Your assignment:
Reproduce the lines below exactly, from the one containing "Kids Pilot In" through the one containing "Abstract Rainbow Waves", both included. Leave out any pictures.

Records supplied:

»»

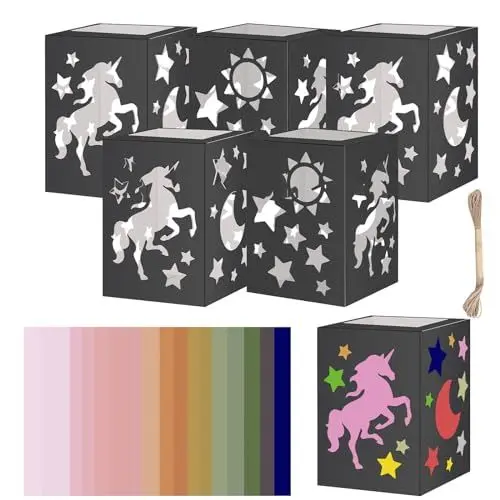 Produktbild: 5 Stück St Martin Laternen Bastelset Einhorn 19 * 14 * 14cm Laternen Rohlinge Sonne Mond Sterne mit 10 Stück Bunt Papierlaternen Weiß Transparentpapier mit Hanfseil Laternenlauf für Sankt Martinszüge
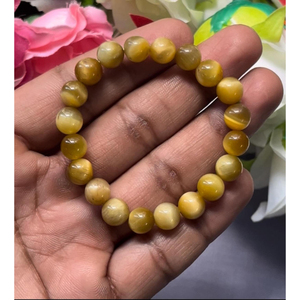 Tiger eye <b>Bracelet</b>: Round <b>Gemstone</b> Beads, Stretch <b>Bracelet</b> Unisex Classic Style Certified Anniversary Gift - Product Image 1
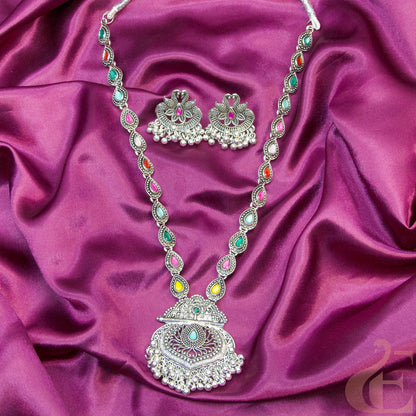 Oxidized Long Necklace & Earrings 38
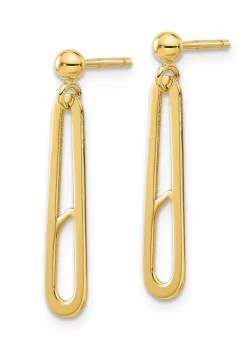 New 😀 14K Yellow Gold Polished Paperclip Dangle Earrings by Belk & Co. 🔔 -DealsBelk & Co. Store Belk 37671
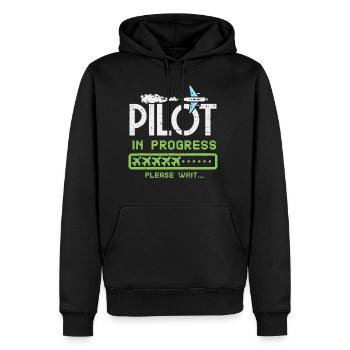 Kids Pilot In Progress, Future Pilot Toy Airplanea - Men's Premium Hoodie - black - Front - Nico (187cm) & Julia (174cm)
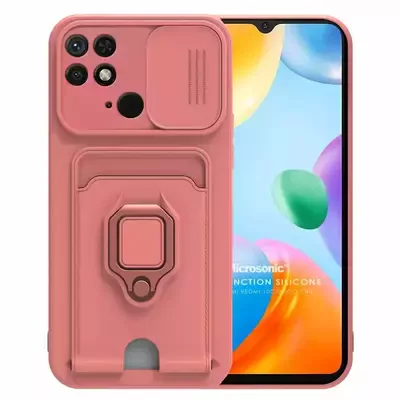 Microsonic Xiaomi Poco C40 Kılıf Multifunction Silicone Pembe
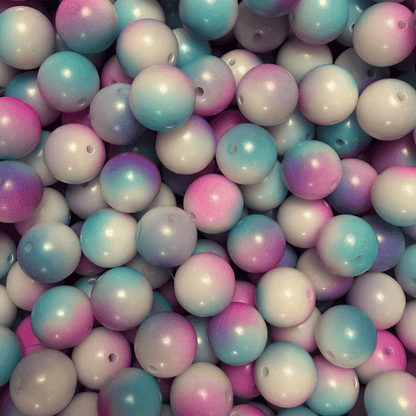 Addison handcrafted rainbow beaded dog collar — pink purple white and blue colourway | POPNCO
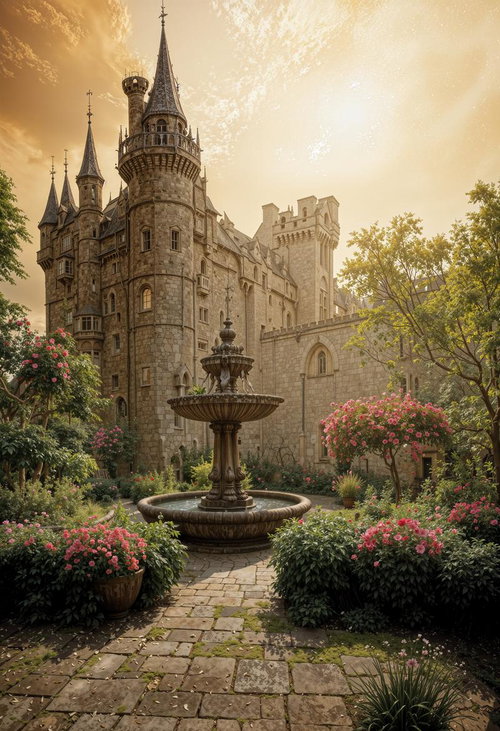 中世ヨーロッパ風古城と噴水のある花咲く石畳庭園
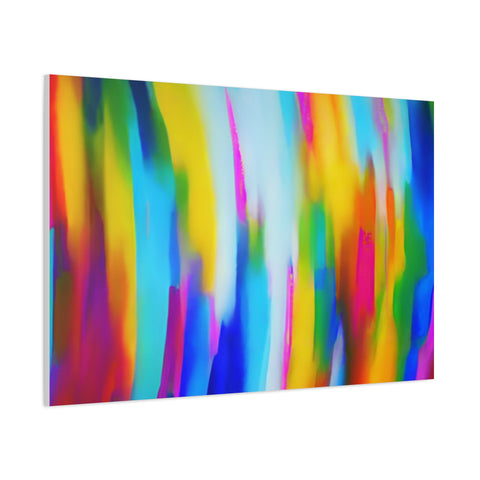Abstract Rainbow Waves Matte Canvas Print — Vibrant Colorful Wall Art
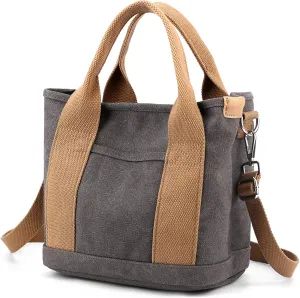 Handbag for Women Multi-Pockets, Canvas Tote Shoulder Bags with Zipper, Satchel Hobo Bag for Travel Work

««
»»

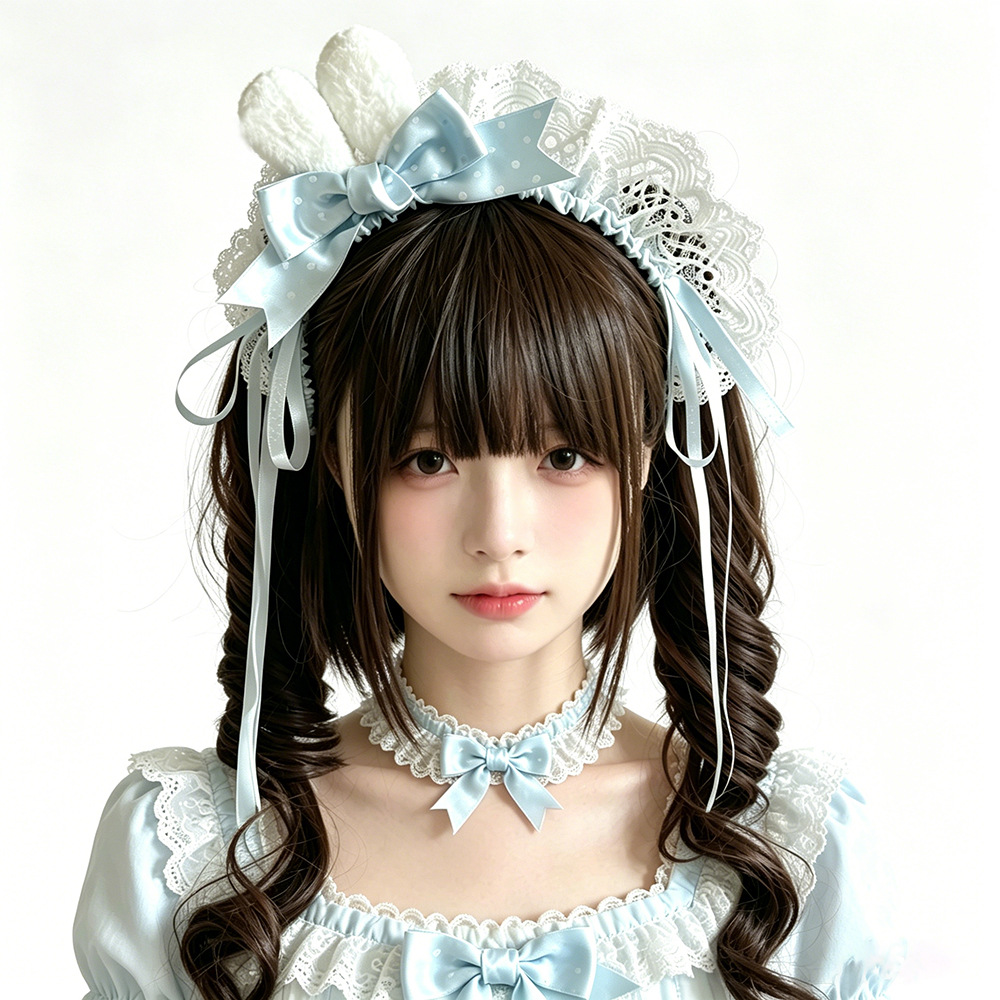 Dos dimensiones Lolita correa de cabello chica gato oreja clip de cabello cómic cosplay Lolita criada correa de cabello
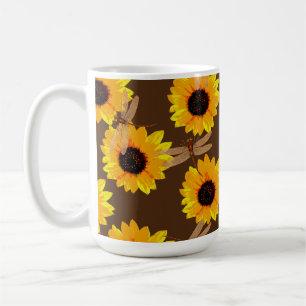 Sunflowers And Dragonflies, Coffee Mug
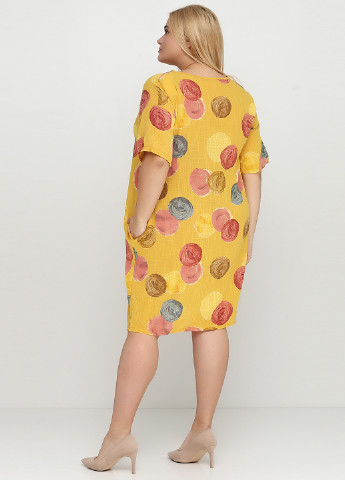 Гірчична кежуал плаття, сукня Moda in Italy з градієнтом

««
»»

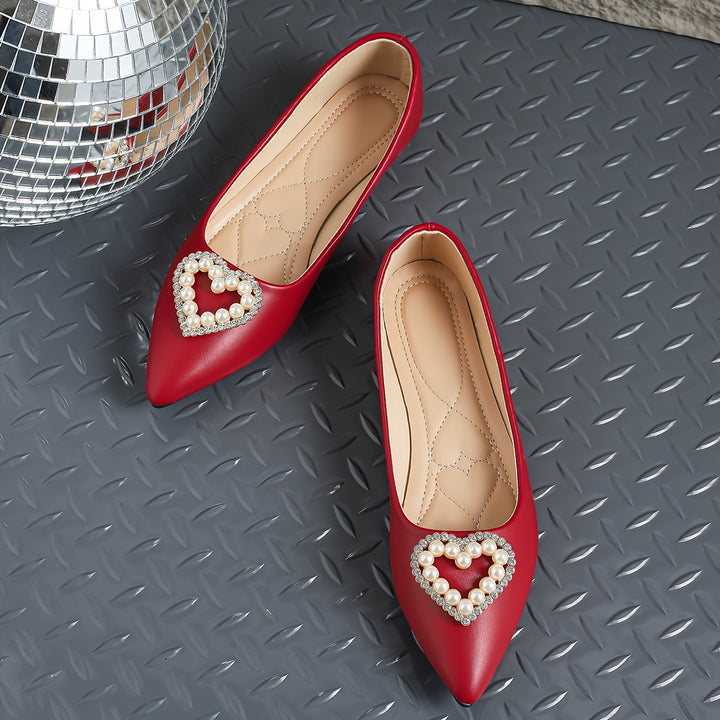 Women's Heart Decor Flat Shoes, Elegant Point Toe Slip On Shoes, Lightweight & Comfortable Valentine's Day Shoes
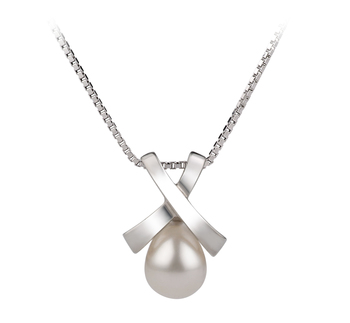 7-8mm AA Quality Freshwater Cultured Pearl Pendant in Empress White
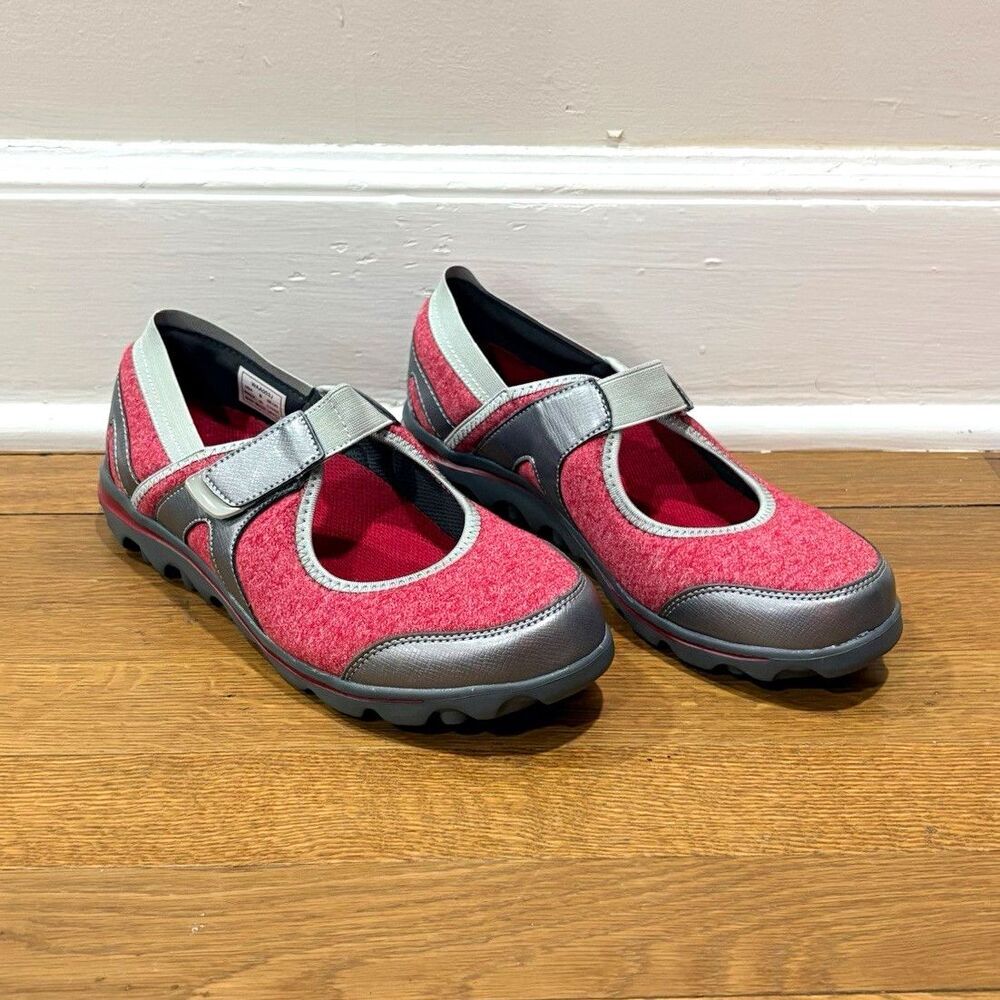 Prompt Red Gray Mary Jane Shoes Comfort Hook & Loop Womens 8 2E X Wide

««

Written response:
 Kids Pilot In Progress, Future Pilot Toy Airplanea - Men's Premium Hoodie - black - Front - Nico (187cm) & Julia (174cm)
 Microsonic Xiaomi Poco C40 Kılıf Multifunction Silicone Pembe
 Addison handcrafted rainbow beaded dog collar — pink purple white and blue colourway | POPNCO
 中世ヨーロッパ風古城と噴水のある花咲く石畳庭園
Abstract Rainbow Waves Matte Canvas Print — Vibrant Colorful Wall Art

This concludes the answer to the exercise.